Data extract =>
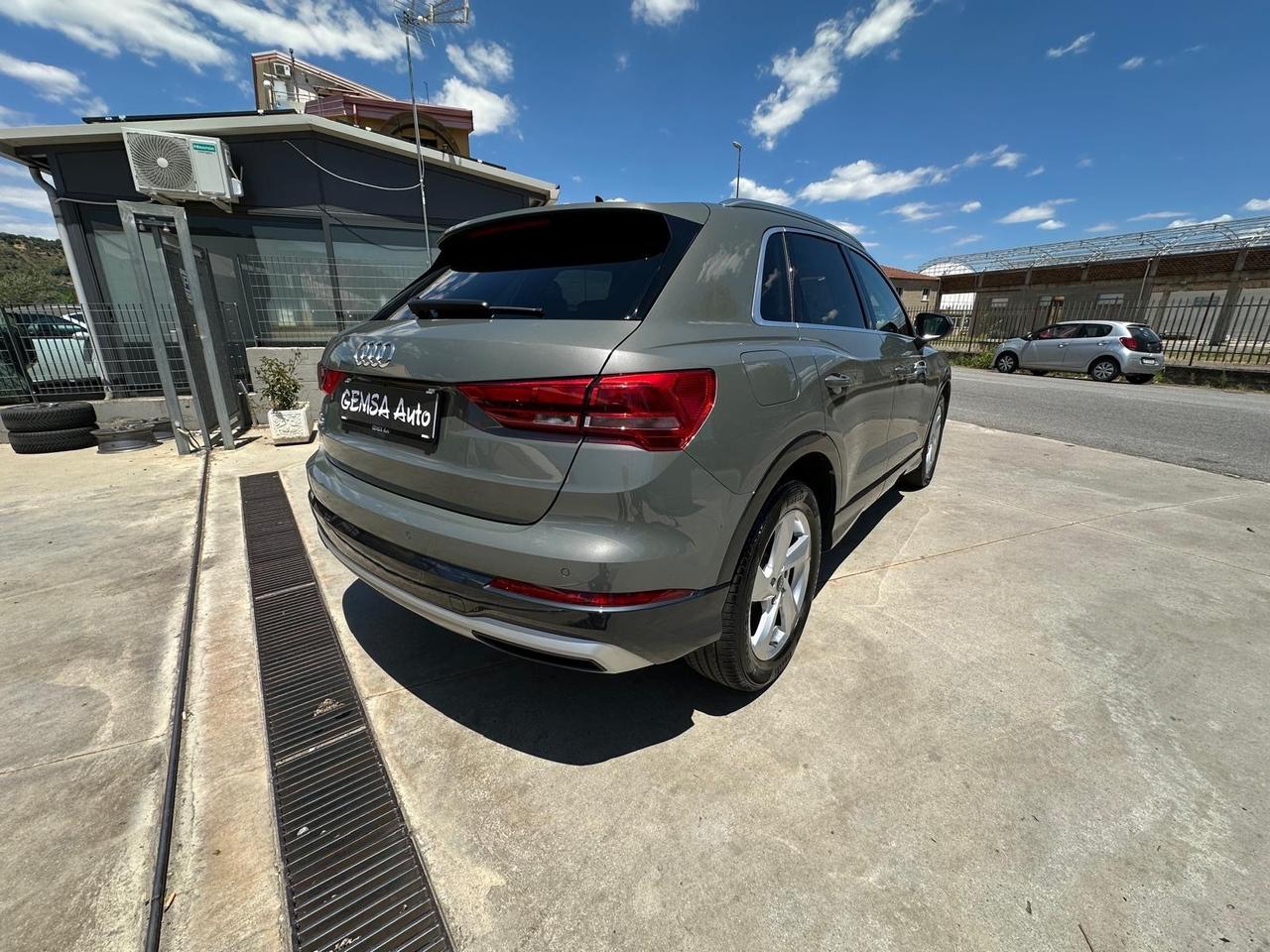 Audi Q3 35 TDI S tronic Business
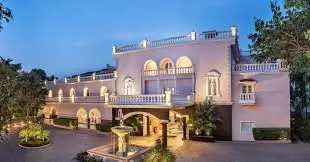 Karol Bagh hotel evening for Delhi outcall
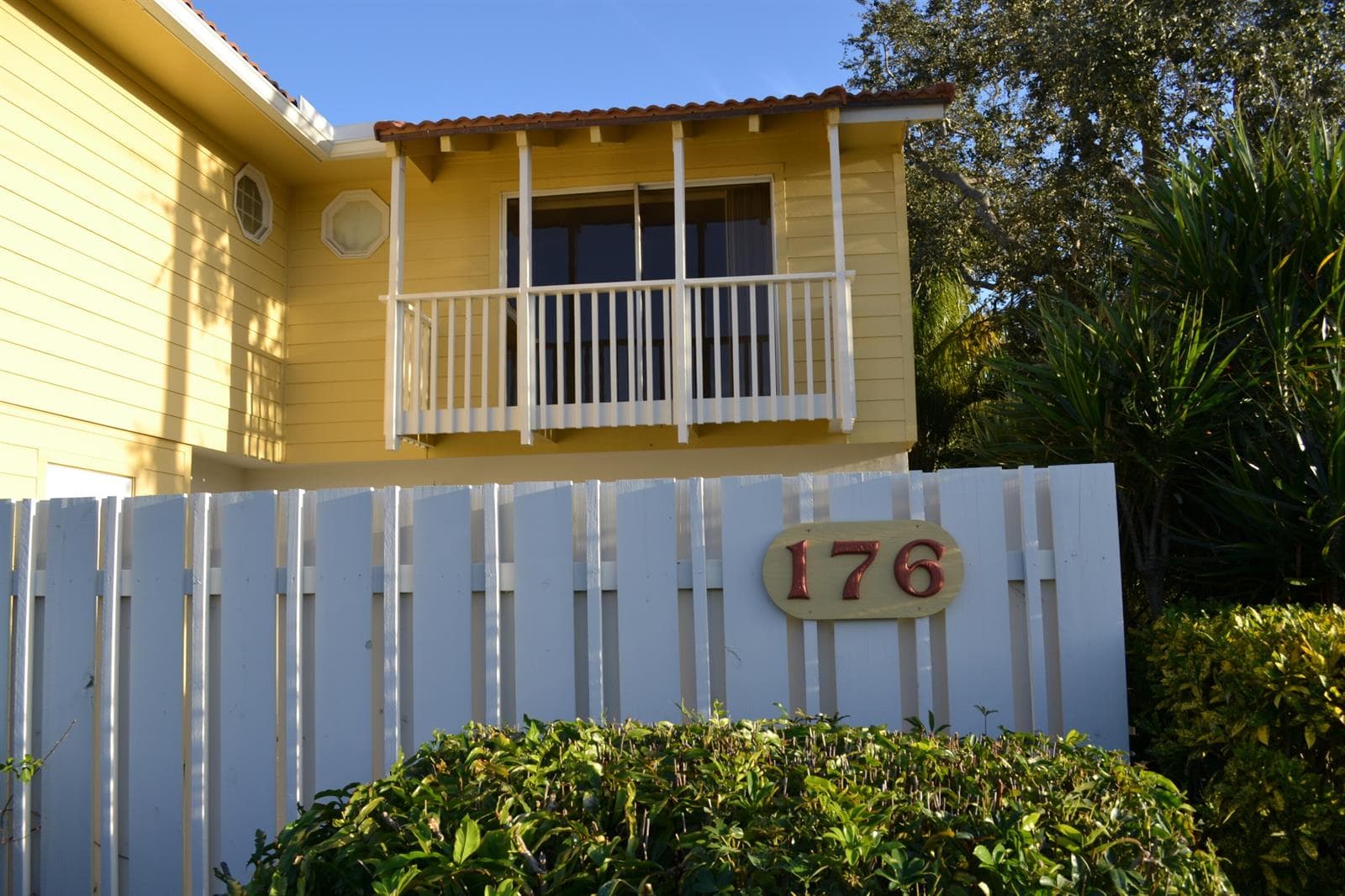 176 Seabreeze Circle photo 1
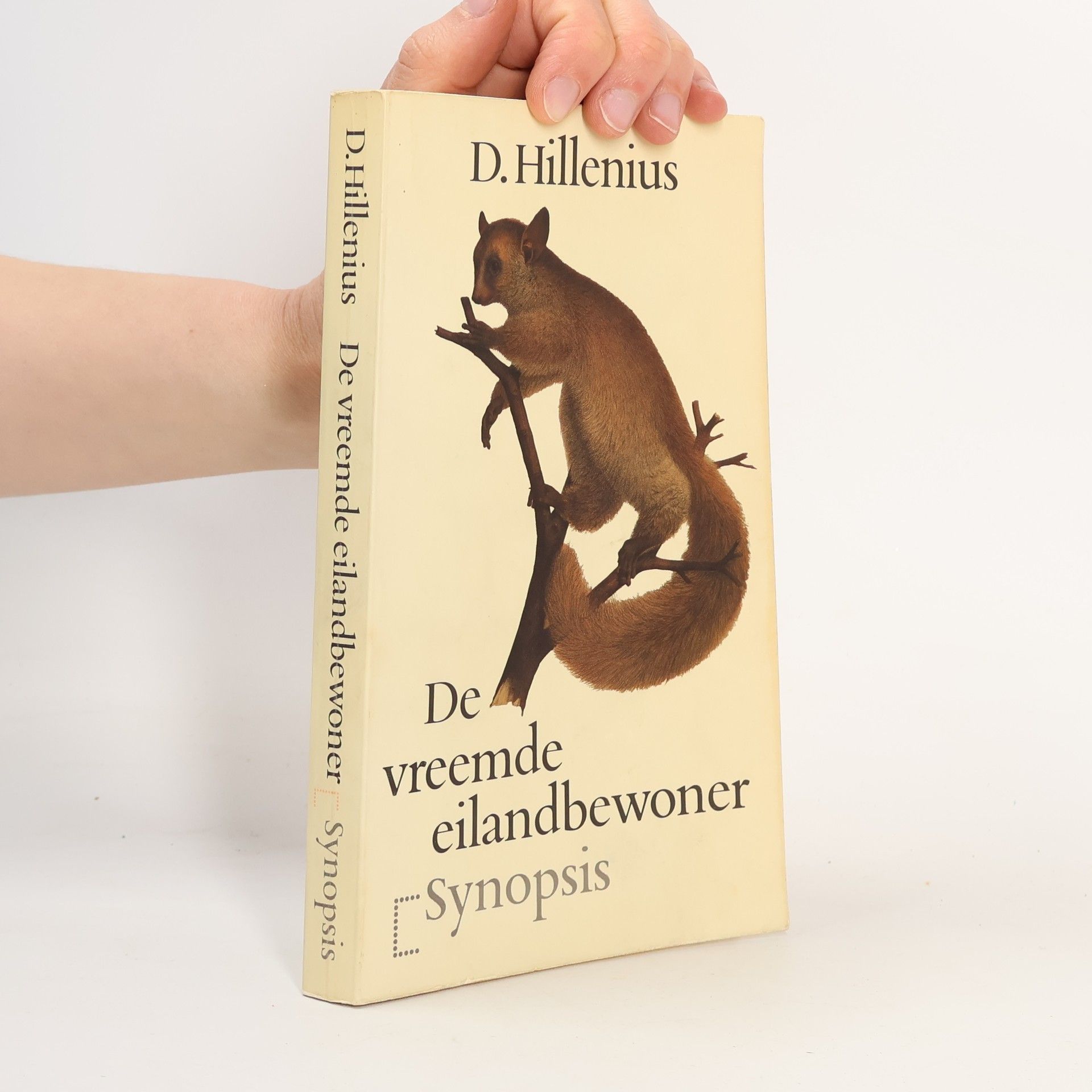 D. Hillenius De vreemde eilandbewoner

About this exercise => Return all of the data exactly as written, and drop the pictures.

Written solution =>
 Audi Q3 35 TDI S tronic Business
 Karol Bagh hotel evening for Delhi outcall
 176 Seabreeze Circle photo 1
 D. Hillenius De vreemde eilandbewoner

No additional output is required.